*TASK REQUIREMENTS*.
In the records below, find the line with "Figure BDA0001412716210004082" and the line with "Ki Ki (@kiki52700035) Twitter profile photo Ki"; return exactly those lines and every line between them.

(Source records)
****

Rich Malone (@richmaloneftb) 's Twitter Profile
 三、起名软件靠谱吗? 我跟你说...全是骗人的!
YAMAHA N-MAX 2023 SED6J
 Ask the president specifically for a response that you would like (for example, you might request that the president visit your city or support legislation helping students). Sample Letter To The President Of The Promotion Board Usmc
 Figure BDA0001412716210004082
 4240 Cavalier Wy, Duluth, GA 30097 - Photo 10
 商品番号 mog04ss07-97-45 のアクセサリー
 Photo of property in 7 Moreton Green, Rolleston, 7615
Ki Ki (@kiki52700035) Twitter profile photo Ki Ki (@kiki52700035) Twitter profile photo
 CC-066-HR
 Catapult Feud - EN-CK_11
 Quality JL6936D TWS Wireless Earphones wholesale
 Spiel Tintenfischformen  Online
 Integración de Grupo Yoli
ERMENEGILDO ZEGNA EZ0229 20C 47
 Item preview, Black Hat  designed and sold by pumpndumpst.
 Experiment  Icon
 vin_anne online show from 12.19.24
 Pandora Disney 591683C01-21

****

*SOLVED PROBLEM*.
 Figure BDA0001412716210004082
 4240 Cavalier Wy, Duluth, GA 30097 - Photo 10
 商品番号 mog04ss07-97-45 のアクセサリー
 Photo of property in 7 Moreton Green, Rolleston, 7615
Ki Ki (@kiki52700035) Twitter profile photo Ki Ki (@kiki52700035) Twitter profile photo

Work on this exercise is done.